By Noah Teicher
Contributing Writer
On March 25, “Jornaleros,” a documentary produced by VOZ Workers’ Rights Education Project and Precarious Egg, will premier at the Clinton Street Theater. “Jornaleros” means laborers in Spanish; the documentary profiles five Hispanic laborers who frequent the VOZ Portland Day Labor Hire Site in their search for work. One of the individuals, however, is a former laborer who now works at the hire site, also known as the Worker Center.
VOZ opened the new Worker Center in June of 2008. Located on NE MLK Jr. Blvd., the Worker Center provides day laborers with a safe environment in which to wait for work and protects workers’ rights, guaranteeing a minimum wage of $10 per hour.

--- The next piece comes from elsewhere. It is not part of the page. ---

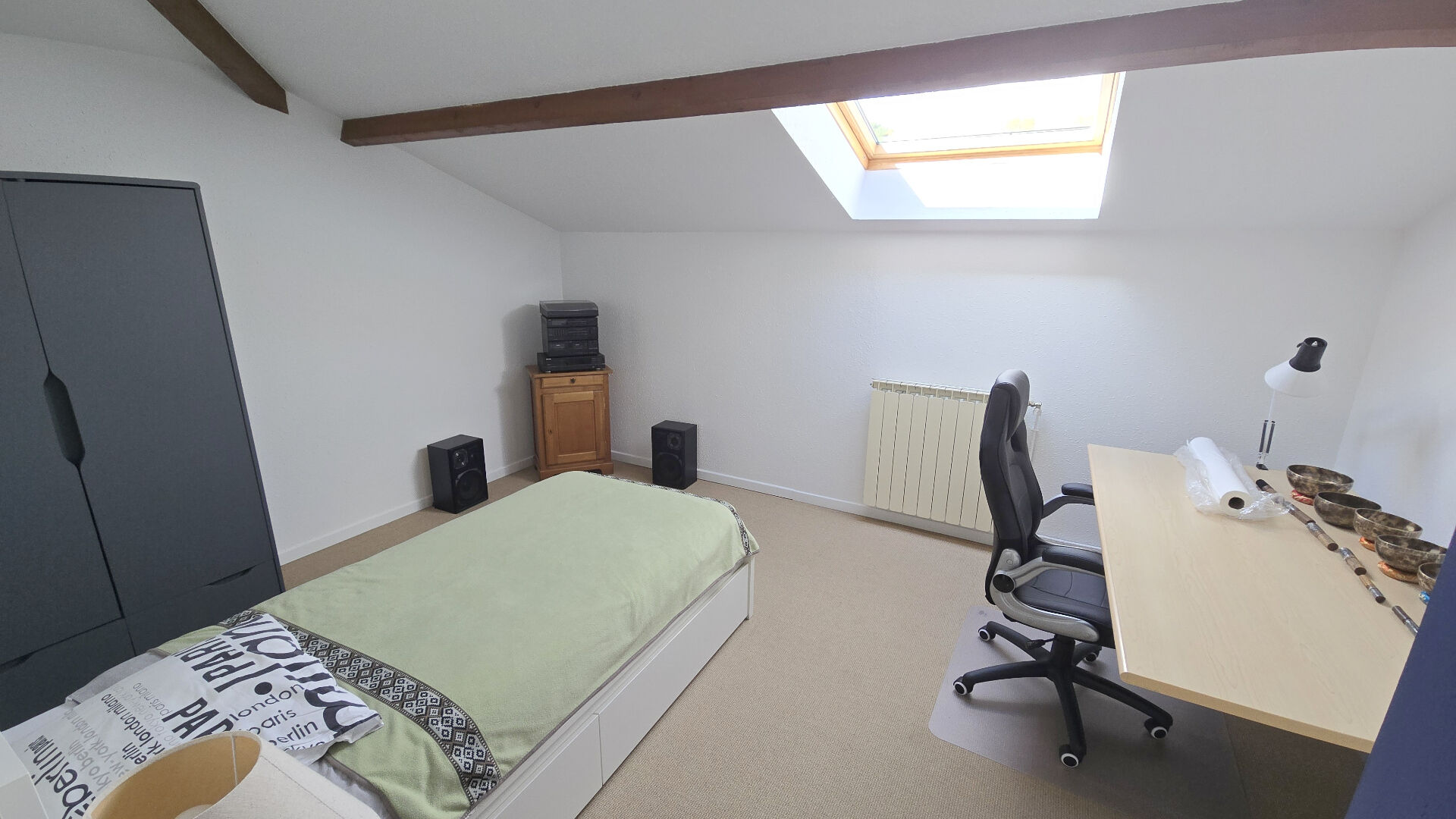 Maison L Isle Jourdain 240 m2 sur un terrain arboré de 4075m², garages, piscine, vue imprenable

“Jornaleros” is not a straightforward depiction of issues typical to immigrant laborers; rather, the film focuses on the artistic talents and activist spirit of the laborers. The individuals profiled in “Jornaleros” are musicians, artists, and writers.
“We wanted to show to the community at large the tradition and culture of the workers,” says VOZ Executive Director Romeo Sosa, who also served as the general coordinator for the project. “We wanted to show the workers have humanity.”
Francisco Aguirre, one of the individuals profiled in the film, is an assistant at the Worker Center and also owns a computer repair business. He used to be a jornalero. At the Worker Center, Francisco organizes the laborers, helps them find work and performs a marketing role.
In addition to his work at VOZ, Francisco is an activist in the broader community. He is involved in a group that helps keep youth out of gangs. The group meets every Friday, and parents bring their children to listen to Francisco and other volunteers talk about the dangers of gang life. Francisco describes himself as a “tool for anyone in the community who needs help.”
Like the other individuals profiled in “Jornaleros,” Francisco has an artistic talent. He is the leader of a Mariachi band that performs for weddings, birthdays and other events in the community. Francisco plays guitar, violin and vihuela, a five-stringed instrument used in Mariachi music. By highlighting the laborers’ creative talents, “Jornaleros” reveals these individuals’ humanity and depth of character.
While “Jornaleros” focuses on the artistry of the laborers, its purpose is also political. By humanizing the laborers, the film makes them into more than just immigrant workers. They become people in the full sense of the word, and thus it becomes harder to stereotype them as just “day laborers” or “immigrants.” Consequently, the issues of this immigrant community become harder to ignore. Romeo said of the Jornaleros, “I would like the entire community to know we have hardworking people, people like you and me, who are human beings struggling to find work.”
Francisco said he sees the film as a “tool for day laborers to learn and not to be afraid to fight for their rights.” It has been a fight – it took an eight-year campaign for VOZ to receive a grant from the City of Portland to open the Portland Day Labor Hire Site. And although the Day Labor Hire Site provided a more organized and contained environment for laborers to wait for work, protests that took place prior to the construction of the workers’ center continued after it opened. As Romeo explains, “Neighbors were not happy. They opposed having the center there. It was always the issue of immigration. … Laborers are the face of immigrants. When people think of immigrants, they think of the laborers.” The protests, which actually had the positive effect of bringing publicity to the cause of the jornaleros, have now largely stopped.
So who or what is Precarious Egg? Precarious Egg is a local multimedia production company that produces a range of audio and video media with a focus on community issues. The filmmakers on this project are also volunteer legal observers at the Worker Center whose job is to insure the process of hiring “jornaleros” is done in a legal manner. VOZ’s director, Romeo, explained that as the general coordinator for the project, he was the one to connect the filmmakers with the “jornaleros” profiled in the film. He knew which jornaleros had artistic talents, as well as which volunteers at the Center had experience with filmmaking.
Both Romeo and Francisco hope “Jornaleros” is a vehicle for change – change in the jornaleros’ view of themselves, and at least as important, change in the view of members of the community at large. “People,” Francisco says, “if they are against day laborers, they will think differently after seeing the film.”